THE INPUT -
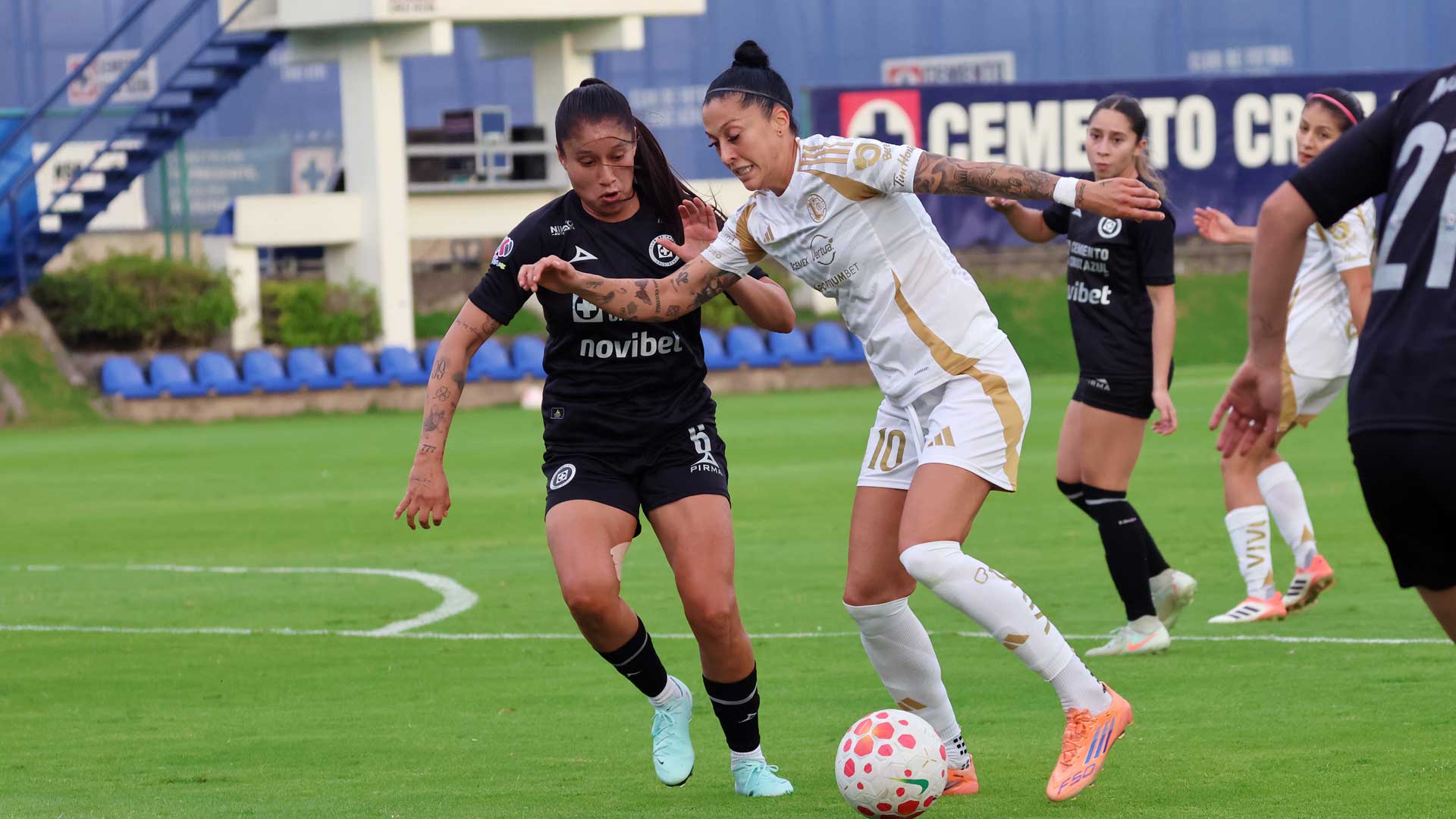 Cruz Azul sorprendió y empató 2-2 ante Tigres femenil en el cierre del Apertura 2025
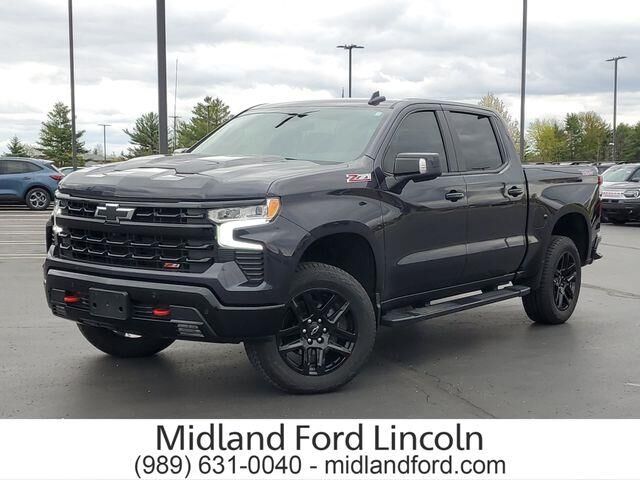 2024 Chevrolet Silverado 1500 LT Trail Boss — photo 1 of 13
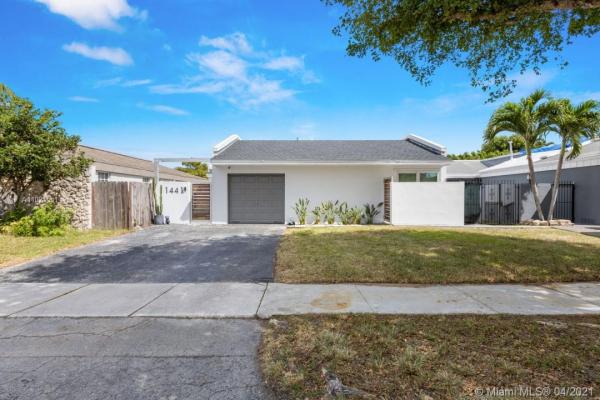 Coral Highlands, 11441 SW 83rd Ter, Kendall, Florida 33173, image 2
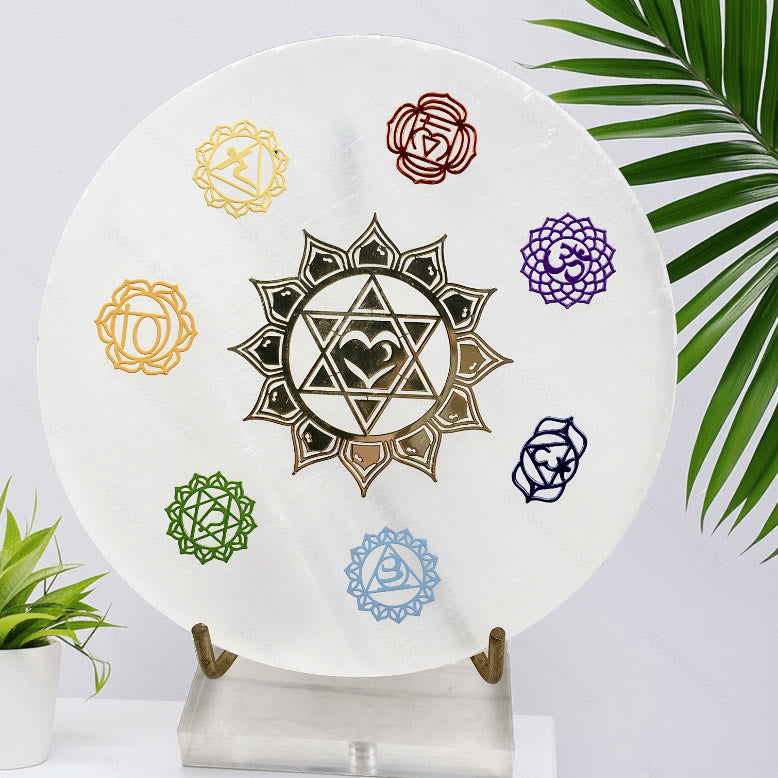 Plaque de recharge en sélénite gravée des 7 symboles des chakras Olivenorma - image 1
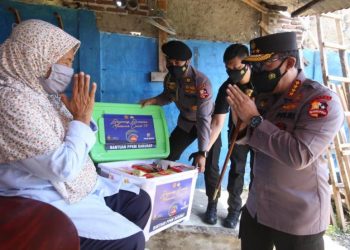 Polri Salurkan 475.420 Paket dan 2.400 Ton Beras Saat PPKM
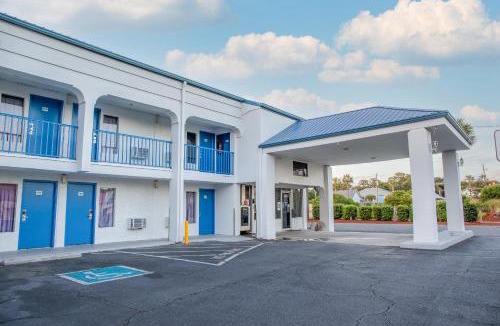 Savannah Beach Hotel | Sandcastle Inn
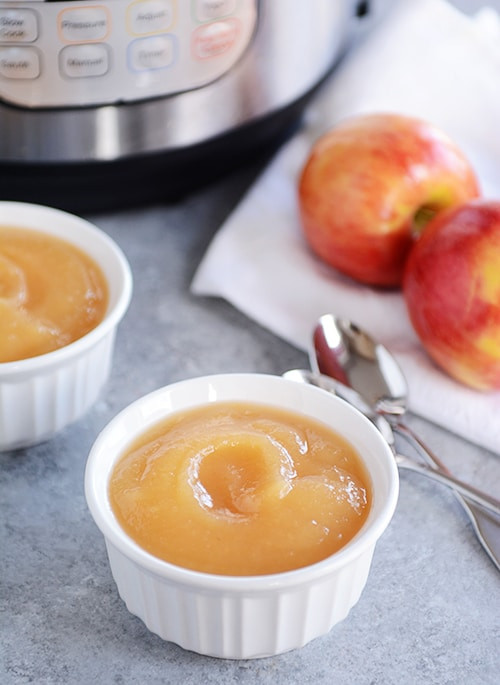 Pressure Cooker Applesauce
 Quick and Easy Pressure Cooker Applesauce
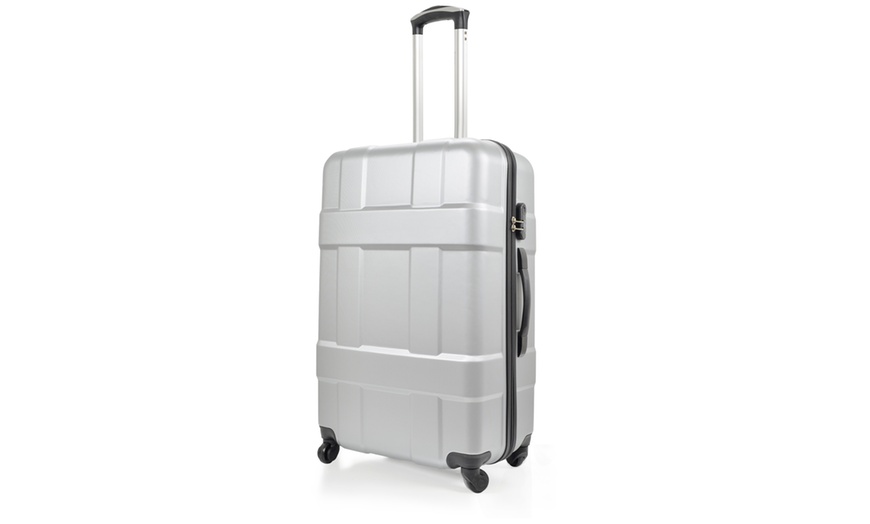 Image 8: Three-Piece Luggage Set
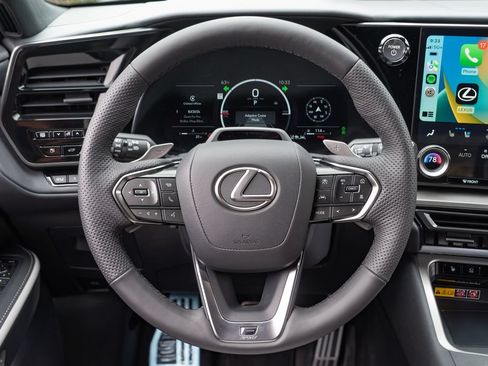 New 2026 Lexus TX 500h AWD image 18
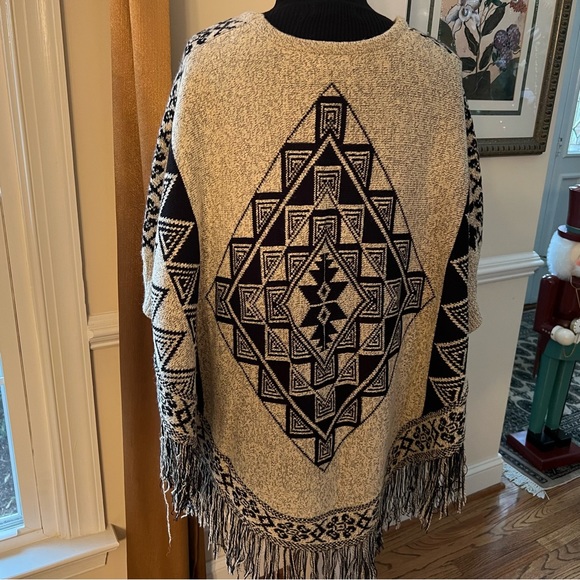 Bobeau – Fringe Poncho, Black and Tan Long - 3/4 Sleeve Crewneck Sweater - Picture 3 of 12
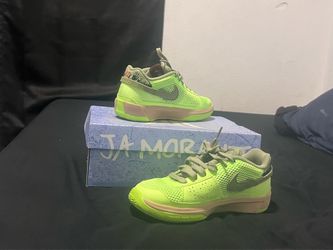Nike Ja 1 Halloween Zombies, Size 3.5 Y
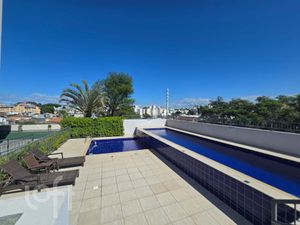 Image 15 - 883871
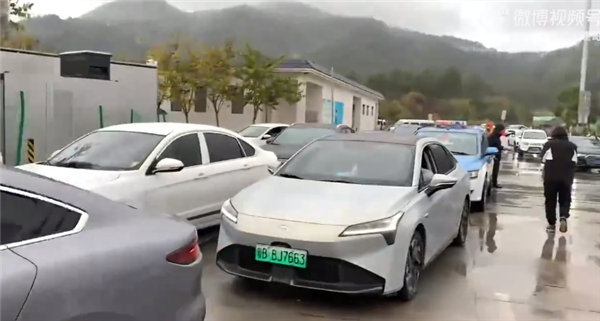 賭博：春節高速服務區電車排隊充電難 網友偶遇極氪開充電車支援 直呼挺負責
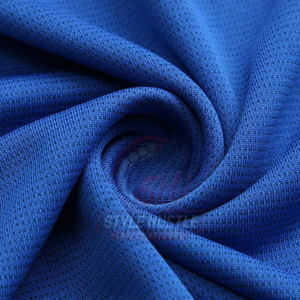 Uniforme de Baloncesto para Hombre, Fabricado Profesionalmente con Material Duradero de Poliéster Antiarrugas - Product Image 2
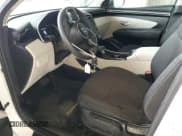 ✅ 2022 Hyundai Tucson SE • VIN: 5NMJACAE4NH099507 • Lot: 68392862. Wystawiony na Copart z przebiegiem 6 963 mil. Bezpłatny archiwum sprzedaży aukcyjnych z USA i szczegółowy raport historii pojazdu na DreamBid. Zdjęcie 7.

YOUR TASK - Word for word, give back each entry from above, but skip any picture.

WORKED SOLUTION -
 Cruz Azul sorprendió y empató 2-2 ante Tigres femenil en el cierre del Apertura 2025
 2024 Chevrolet Silverado 1500 LT Trail Boss — photo 1 of 13
 Coral Highlands, 11441 SW 83rd Ter, Kendall, Florida 33173, image 2
 Plaque de recharge en sélénite gravée des 7 symboles des chakras Olivenorma - image 1
 Polri Salurkan 475.420 Paket dan 2.400 Ton Beras Saat PPKM
 Savannah Beach Hotel | Sandcastle Inn
 Pressure Cooker Applesauce
 Quick and Easy Pressure Cooker Applesauce
 Image 8: Three-Piece Luggage Set
 New 2026 Lexus TX 500h AWD image 18
 Bobeau – Fringe Poncho, Black and Tan Long - 3/4 Sleeve Crewneck Sweater - Picture 3 of 12
Nike Ja 1 Halloween Zombies, Size 3.5 Y
 Image 15 - 883871
 賭博：春節高速服務區電車排隊充電難 網友偶遇極氪開充電車支援 直呼挺負責
 Uniforme de Baloncesto para Hombre, Fabricado Profesionalmente con Material Duradero de Poliéster Antiarrugas - Product Image 2
 ✅ 2022 Hyundai Tucson SE • VIN: 5NMJACAE4NH099507 • Lot: 68392862. Wystawiony na Copart z przebiegiem 6 963 mil. Bezpłatny archiwum sprzedaży aukcyjnych z USA i szczegółowy raport historii pojazdu na DreamBid. Zdjęcie 7.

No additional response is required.